Robert : It will depend on the countries and our popularity there. In places where we're quite famous, like in France, we'll only play new songs and some obscures ones from our old records. We'll pick them from a 50-song repertoire. Like usually, we'll play pop sets in alternance with gloomy ones. I have the feeling that we'll play those kind of gloomy shows in France (laughs). We'll have the technical crew that worked with Prince on his last tour. The funny part is that they asked to work for us when Simple Minds tried, for months, to hire them for their tour. He he.

- Is it true that you don't take planes anymore ?

Robert : Yeah. Never again. I'll only travel by bus, trains or boats for the tour. Because I can't stand anymore all that nausea and feeling sick, just to gain a bit of time. I don't really care losing my time if I have more comfort. I'm not afraid to die, I'm used to this idea. But I don't want to die in a plane, I hate not being able to control what's going on. We have a huge bus, like some sort of hotel on the road. I'm going to enjoy and see a bit of the countries we go to at last. And I can stay all day in bed if I want to !

- There's a rumor saying that you stopped drinking ?

Robert : I stopped drinking because I felt the need to. I drank a little too much during the recording of the album. I was completely wasted just before Christmas. I try to stay sober now, until my birthday in April at least. Then, that'll probably be harder.

Simon : I stopped drinking a bit too...

Robert : Liar ! Yesterday you were pissed over vodka again !

- Did the Cure turn into the serious and cold band from the old times ? What happened to the funny Cure from the Tim Pope videos ?

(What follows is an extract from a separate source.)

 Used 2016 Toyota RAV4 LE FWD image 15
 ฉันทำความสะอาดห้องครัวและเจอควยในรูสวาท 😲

Robert : Don't worry, it's still alive. We're not going to become sad and depressing. Wait until you see the Lullaby video. It's a bit like the Close To Me video. A little twisted film with monsters. Our sense of humour didn't disappear. With Disintegration, I wanted to see if the Cure was still able to make a record which had a real substance and if we were able to express and share such deep feelings. The kind of things you feel the first time somebody kisses you violently on the mouth. It's this kind of intensity, when you're young, that you must never forget with age. Never...

(Interview : Hugo Cassavetti - Translated from French)
(interview from - http://www.impressionofsounds.com)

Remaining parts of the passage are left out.